Son "Cosby Show" ? Une institution. Il y joue le mari aimant et le modèle pour sa communauté. Le Noir comme il faut. D’humeur égale et pas porté plus que ça sur la revendication. Raisonnablement conservateur, tout en professant un progressisme raisonné, il est le parfait produit de synthèse : un nouvel Oncle Tom, objectaient certains, tel le cinéaste Spike Lee, figure de proue de l’actuelle communauté afro-américaine, mais en version plus turbulente. Aujourd’hui, William Cosby risque trente ans de prison. Lorsque l’on en affiche quatre-vingts au compteur, ce n’est pas rien, même pour un prédateur sexuel présumé.

Roman Polanski, lui, on ne le présente plus, et les affaires de mœurs lui collant à la peau non plus. Pourtant, il ne sera pas inutile de rappeler que sa victime, Samantha Geimer, treize ans à l’époque des faits, en 1971 - soit il y a désormais plus de quarante ans -, a depuis lors pardonné et abandonné toute idée de vengeance.

Pour autant, elle n’hésitait pas, en 2013, à remettre les événements dans leur contexte d’époque, face aux journalistes de L’Obs : "J’étais présentée comme la petite salope qui voulait profiter du réalisateur célèbre, et ma mère comme la maquerelle n’hésitant pas à monnayer sa fille pour faire carrière." Contexte de l’époque, disions-nous, bien pratique, par exemple, pour un Daniel Cohn-Bendit qui lui fait endosser la responsabilité de ses frasques pédophiles d’alors.

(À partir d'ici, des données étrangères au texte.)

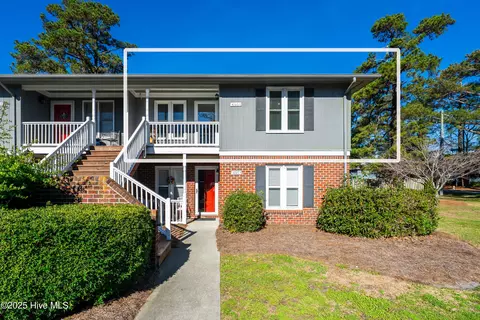 4190 Spirea Dr #E, Wilmington, NC 28403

Et c’est de manière tout aussi lucide que Samantha Geimer estime désormais, à propos du même Polanski : "Les Oscars expulsent un membre qui a purgé sa peine, c’est une mesure laide et cruelle qui sert les apparences. […] Ça ne change en rien la culture sexiste d’Hollywood aujourd’hui. Cela montre simplement qu’ils dévoreraient les leurs pour survivre". En d’autres termes, the show must go on

En effet, pour trois sacrifiés, deux vieillards en fin de carrière – Cosby et Polanski –, un producteur – Harvey Weinstein –, aux pratiques si voyantes qu’elles ne pouvaient qu’être vues un jour ou l’autre, c’est l’ensemble du système qui se purge afin de pouvoir continuer à aller de l’avant. La preuve en est qu’un film consacré aux frasques sexuelles du patron du défunt studio Miramax est déjà à l’étude ; avec Brad Pitt à la production, excusez du peu.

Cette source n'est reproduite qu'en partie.